**EXERCISE DETAILS:**
Exact copies of the lines below, from the one with "17.5m2 / 190" up to and including the one with "Shop Cdlp Five-pack", are what this calls for; leave out pictures.

**DATA FOR THE TASK:**

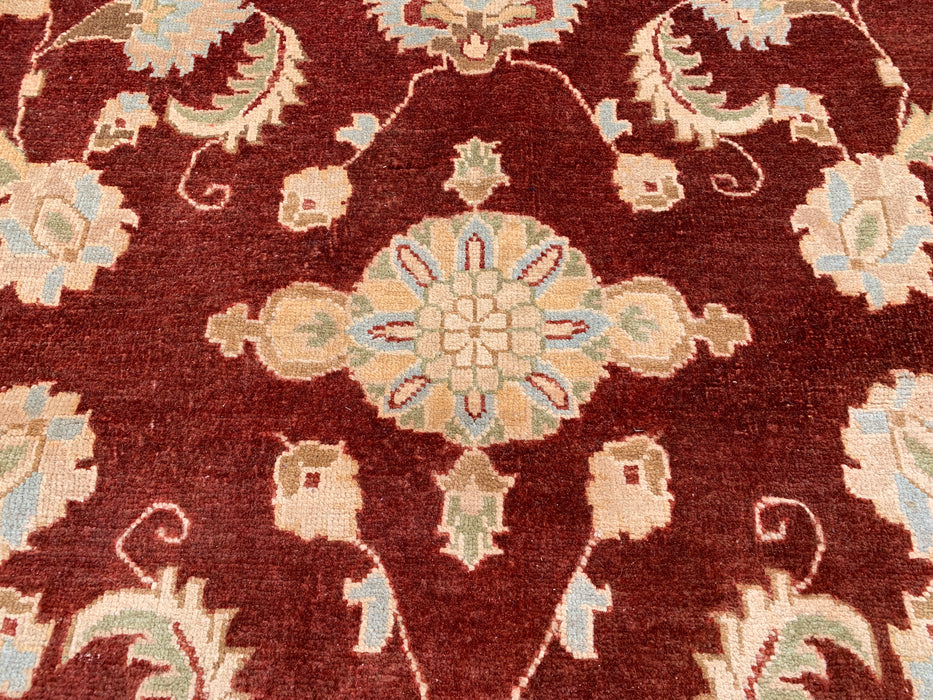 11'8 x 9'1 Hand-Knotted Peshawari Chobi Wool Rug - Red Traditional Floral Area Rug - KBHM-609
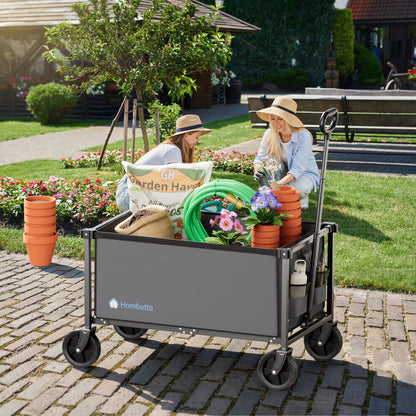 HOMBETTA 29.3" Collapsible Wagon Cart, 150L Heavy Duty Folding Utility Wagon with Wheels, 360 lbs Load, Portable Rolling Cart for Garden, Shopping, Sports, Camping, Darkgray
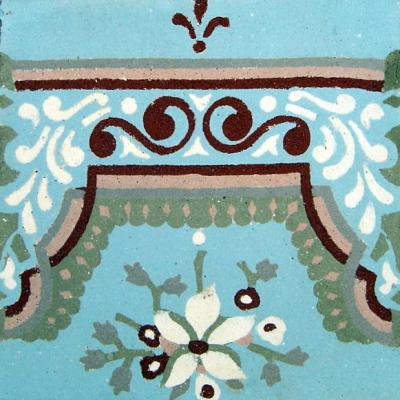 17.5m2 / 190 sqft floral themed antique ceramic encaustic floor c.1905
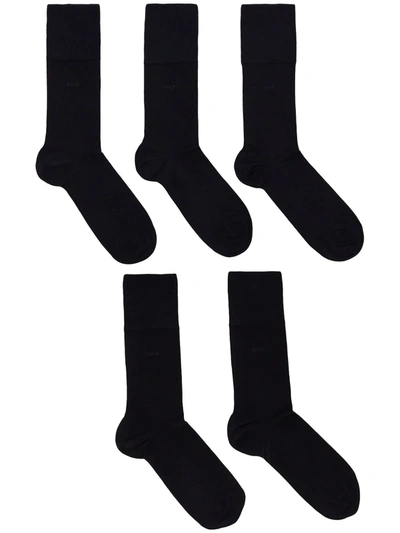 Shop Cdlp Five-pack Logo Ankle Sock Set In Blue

* * *

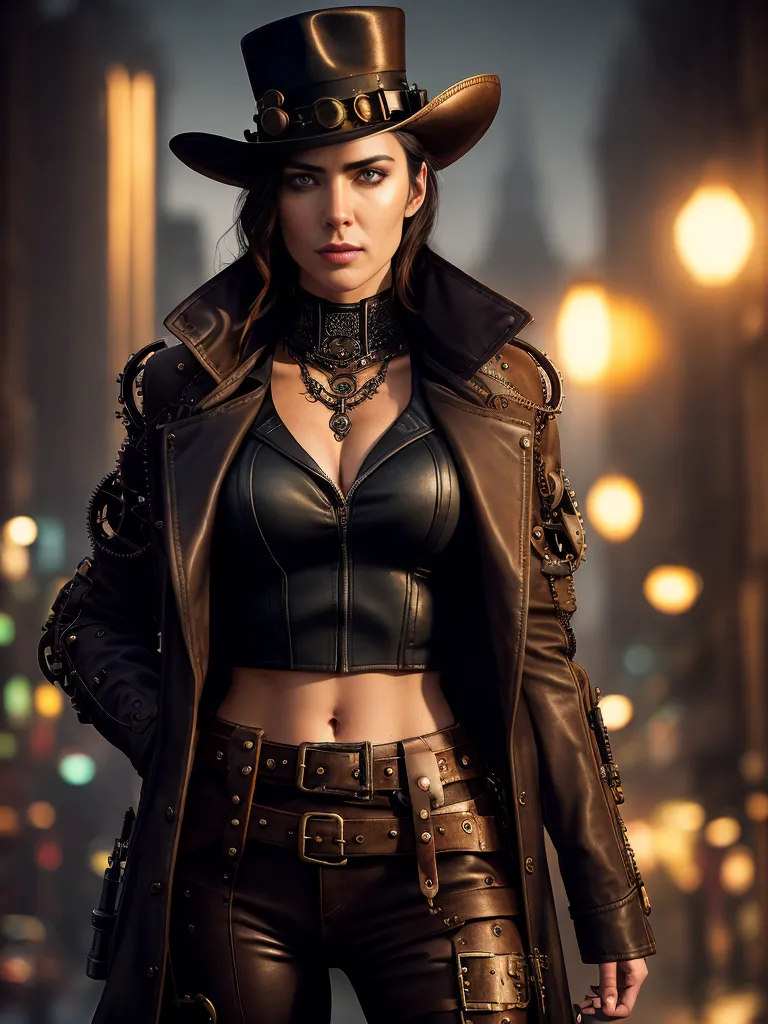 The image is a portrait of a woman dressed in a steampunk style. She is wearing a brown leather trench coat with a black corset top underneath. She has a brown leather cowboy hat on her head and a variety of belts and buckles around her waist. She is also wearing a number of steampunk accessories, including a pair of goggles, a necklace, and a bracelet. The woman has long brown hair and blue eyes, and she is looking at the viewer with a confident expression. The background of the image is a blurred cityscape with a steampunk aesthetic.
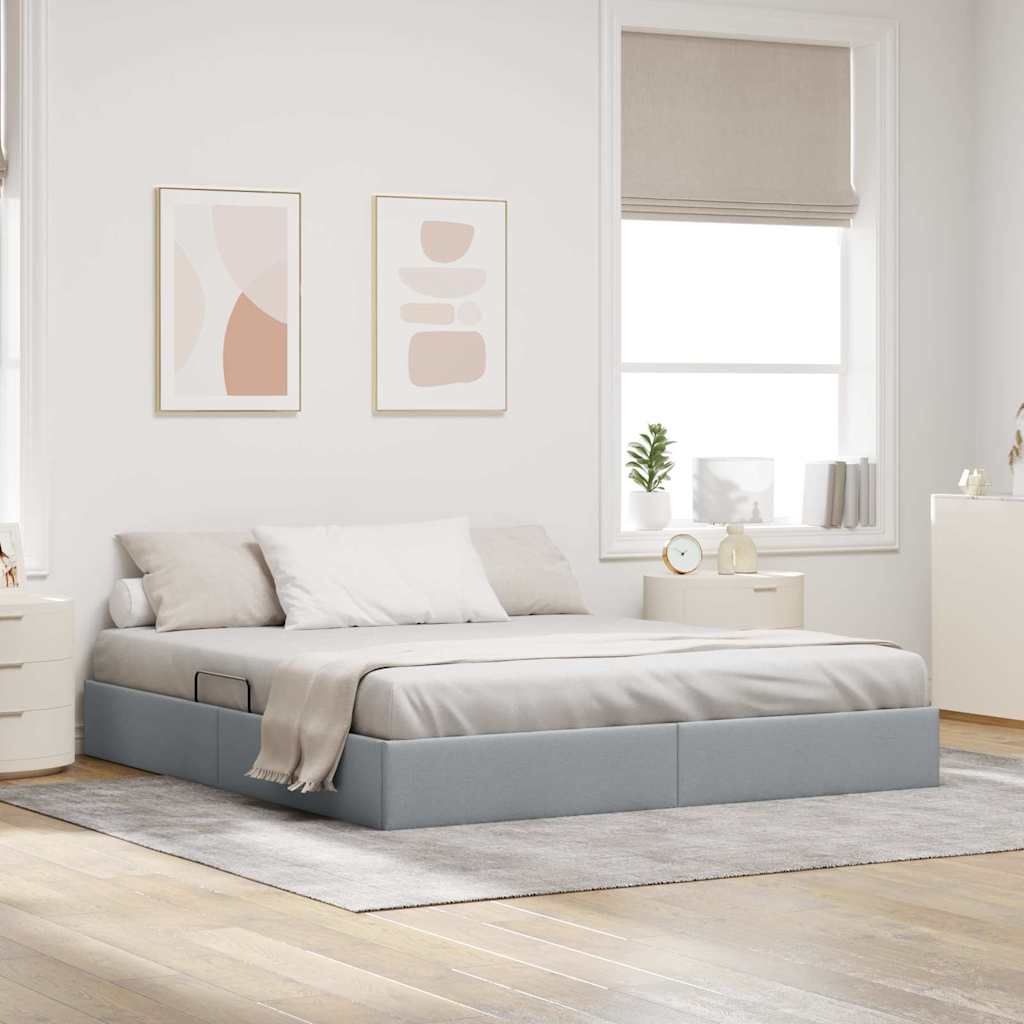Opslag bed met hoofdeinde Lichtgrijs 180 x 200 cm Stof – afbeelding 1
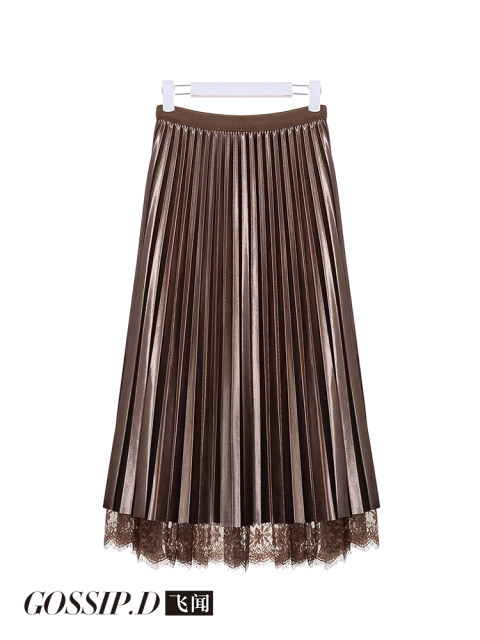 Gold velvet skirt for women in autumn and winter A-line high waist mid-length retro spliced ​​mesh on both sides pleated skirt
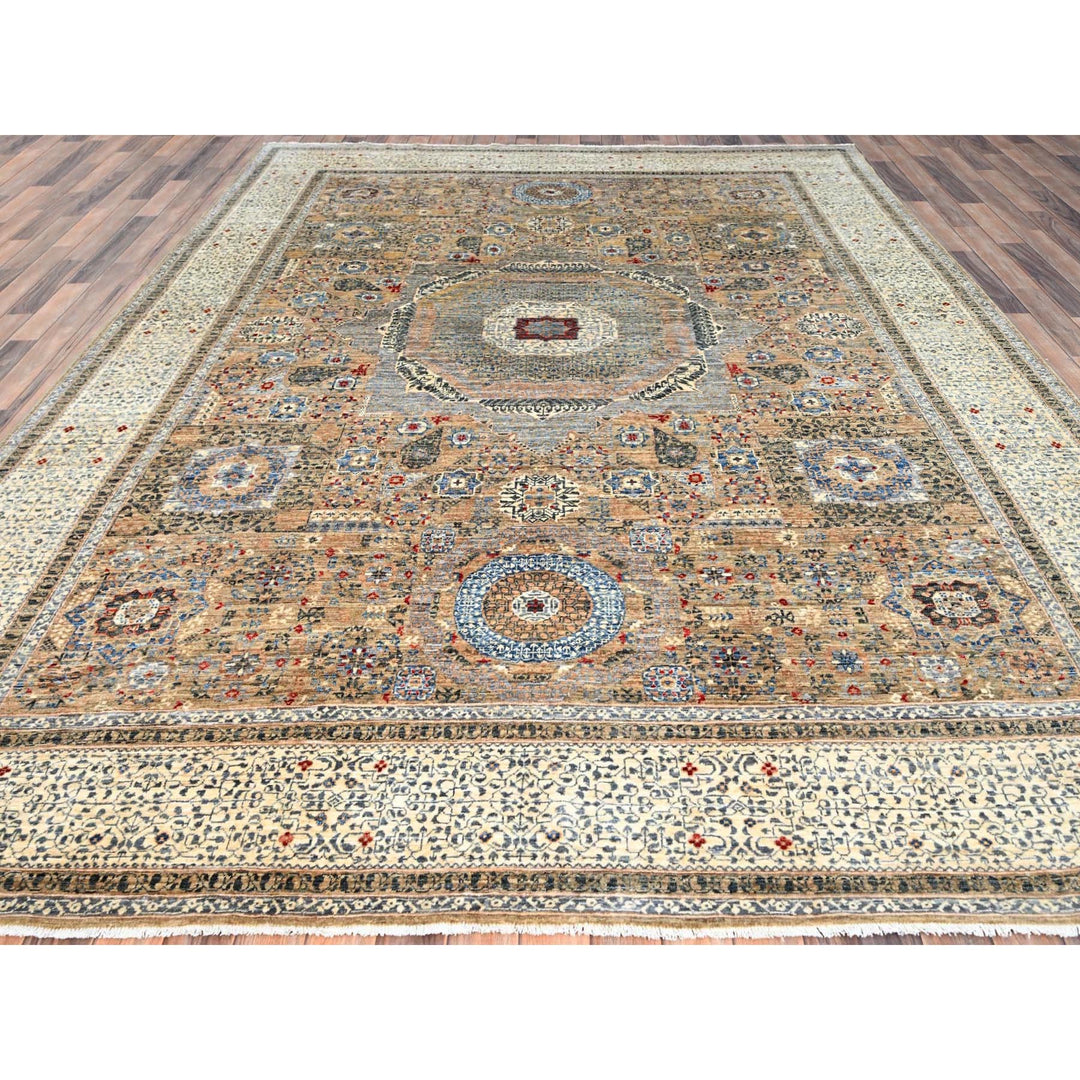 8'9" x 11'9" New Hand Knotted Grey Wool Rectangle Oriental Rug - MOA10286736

**RESULT:**
 17.5m2 / 190 sqft floral themed antique ceramic encaustic floor c.1905
 Shop Cdlp Five-pack Logo Ankle Sock Set In Blue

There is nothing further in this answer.